WIP: Forward device requests #7124

yoanisgil · 2020-01-06T20:48:53Z

Add support for Nvidia GPUs (solves #6691)

Signed-off-by: Yoanis Gil <gil.yoanis@gmail.com>

yoanisgil · 2020-01-06T20:51:15Z

This PR is pretty much WIP as I have tested only one use case and also depends on docker/docker-py#2471

Signed-off-by: Yoanis Gil <gil.yoanis@gmail.com>

yoanisgil · 2020-01-06T21:28:46Z

@rumpl @ndeloof @ulyssessouza I'm happy to make this PR more compliant (tests, documentation, etc) as long as you think it is heading int he right direction.

Signed-off-by: Yoanis Gil <gil.yoanis@gmail.com>

ndeloof · 2020-01-07T07:22:15Z

compose/config/config_schema_v3.7.json

@@ -597,6 +599,21 @@
          }
        }
      }
+    },
+    "device_requests": {


leading schema definition is https://github.com/docker/cli/tree/master/cli/compose/schema/data
see #7047
I'm currently working on getting this schema duplication issue resolved.

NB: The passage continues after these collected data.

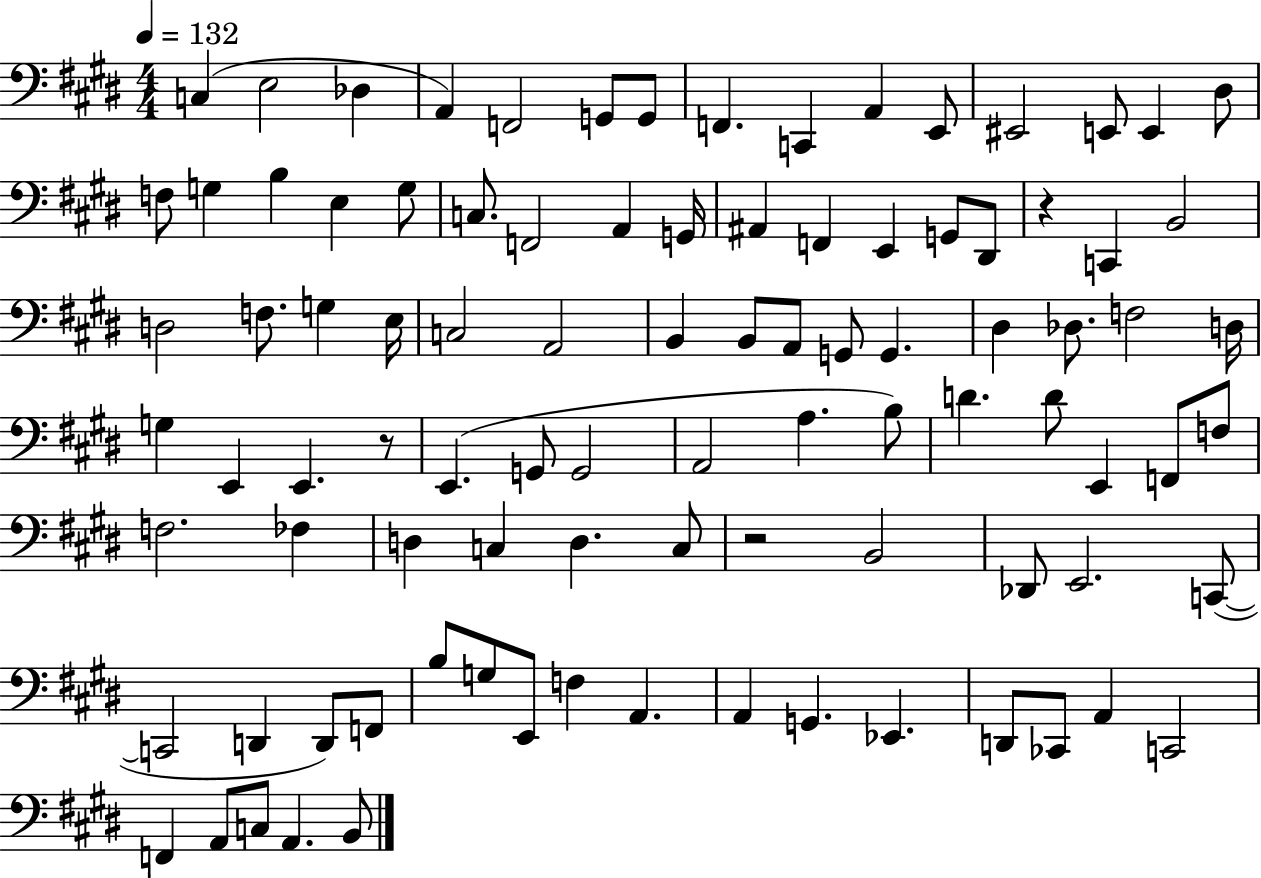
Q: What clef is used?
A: bass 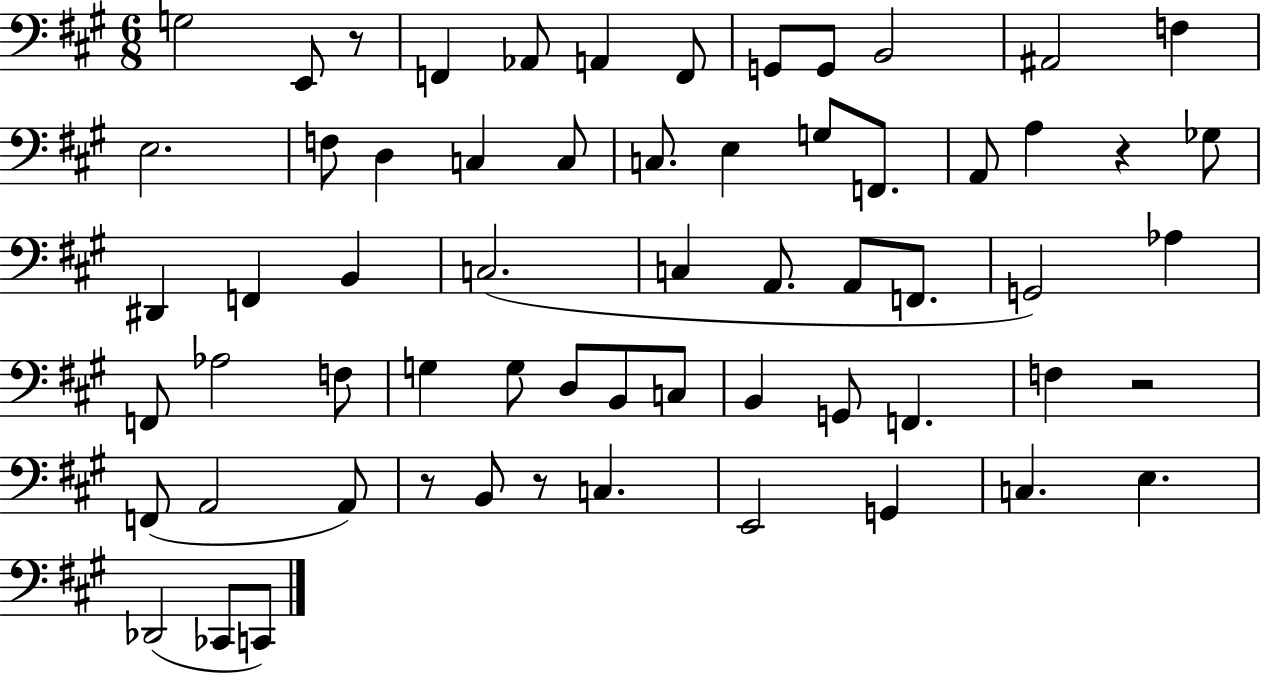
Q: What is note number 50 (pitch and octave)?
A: C3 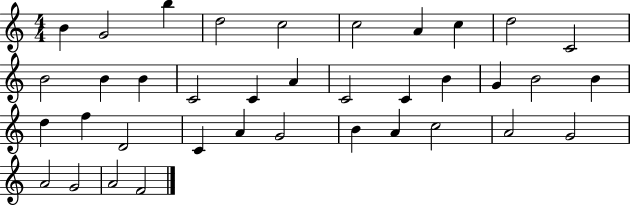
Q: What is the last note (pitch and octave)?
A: F4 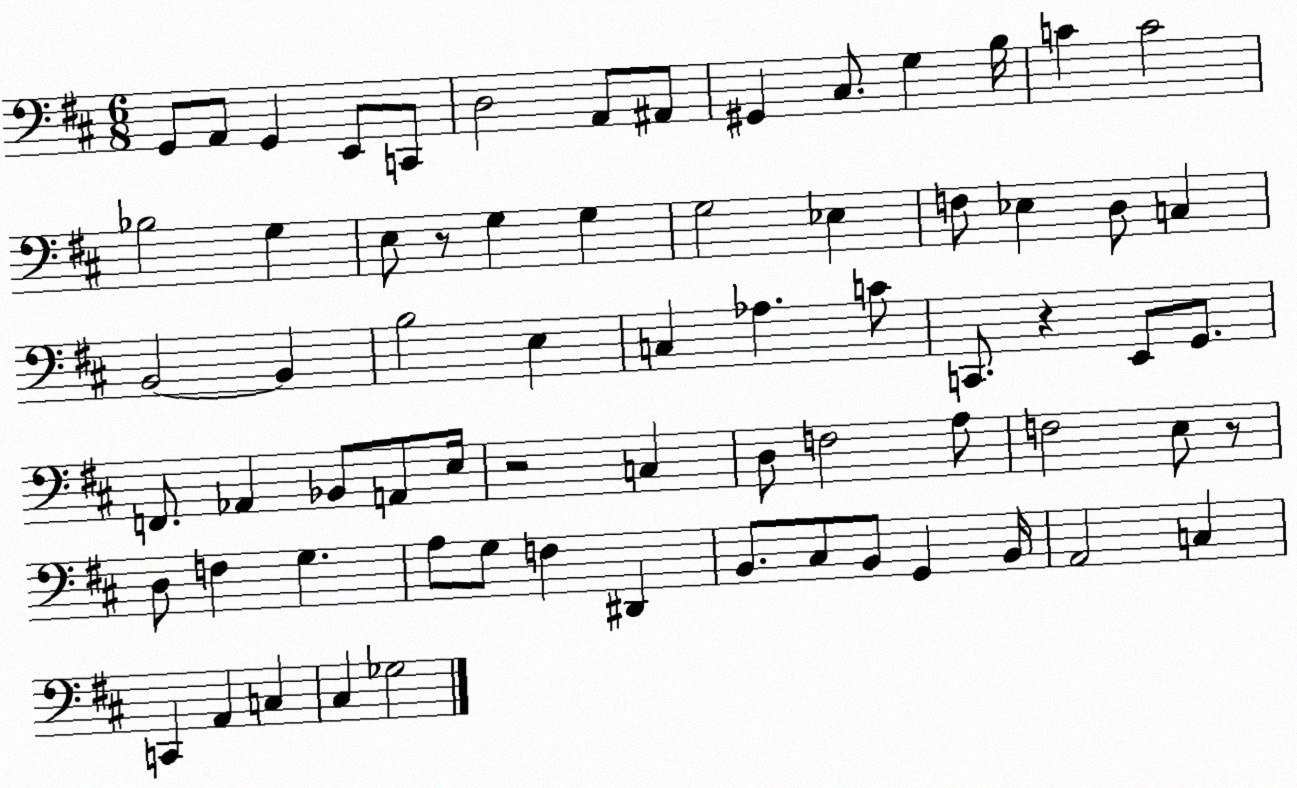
X:1
T:Untitled
M:6/8
L:1/4
K:D
G,,/2 A,,/2 G,, E,,/2 C,,/2 D,2 A,,/2 ^A,,/2 ^G,, ^C,/2 G, B,/4 C C2 _B,2 G, E,/2 z/2 G, G, G,2 _E, F,/2 _E, D,/2 C, B,,2 B,, B,2 E, C, _A, C/2 C,,/2 z E,,/2 G,,/2 F,,/2 _A,, _B,,/2 A,,/2 E,/4 z2 C, D,/2 F,2 A,/2 F,2 E,/2 z/2 D,/2 F, G, A,/2 G,/2 F, ^D,, B,,/2 ^C,/2 B,,/2 G,, B,,/4 A,,2 C, C,, A,, C, ^C, _G,2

That actually raises a very good point. Maybe the GPU allocation request should be based on generic_resources?. Just sayin because of this: https://github.com/docker/cli/blob/master/cli/compose/loader/full-example.yml

But then that will require a translation to a DeviceRequest

ndeloof · 2020-01-07T07:38:01Z

compose/config/config_schema_v3.7.json

@@ -151,6 +151,8 @@

        "external_links": {"type": "array", "items": {"type": "string"}, "uniqueItems": true},
        "extra_hosts": {"$ref": "#/definitions/list_or_dict"},
+        "device_requests": {"$ref": "#/definitions/device_requests"},


Within schema v3, runtime constraints have been moved into deployment.resources. Sounds a better place for such device allocation request

I can move but seems to me like it's better to wait until you figure out how to reconcile schema definitions between docker and compose before making any other change ...

yoanisgil

Feedback

docker#7124 docker/docker-py#2471

lshamis · 2020-03-05T19:44:39Z

I thought a docker-compose file tries to match the docker command line.

If I want to set set ipc, pid, privileged, ... the docker cli would look like:

docker run --ipc=host --pid=host --privileged=true ...

and the docker-compose looks like:

services:
    myservice:
         ipc: "host",
         pid: "host",
         privileged: true,
         ...

With newer versions of docker, the command line to use the nvidia runtime:

docker run --gpus=all --rm nvidia/cuda nvidia-smi

so I would assume that the docker-compose would look like:

services:
    myservice:
         gpus: "all",
         ...

but with this PR (according to the comments #6691), gpu usage would look like:

services:
    gpu:
        image: 'nvidia/cuda:9.0-base'
        command: 'nvidia-smi'
        device_requests:
            - capabilities:
               - "gpu"

which seems much more complicated to me.

hadim · 2020-07-01T02:44:22Z

Is there anyone working on this PR still?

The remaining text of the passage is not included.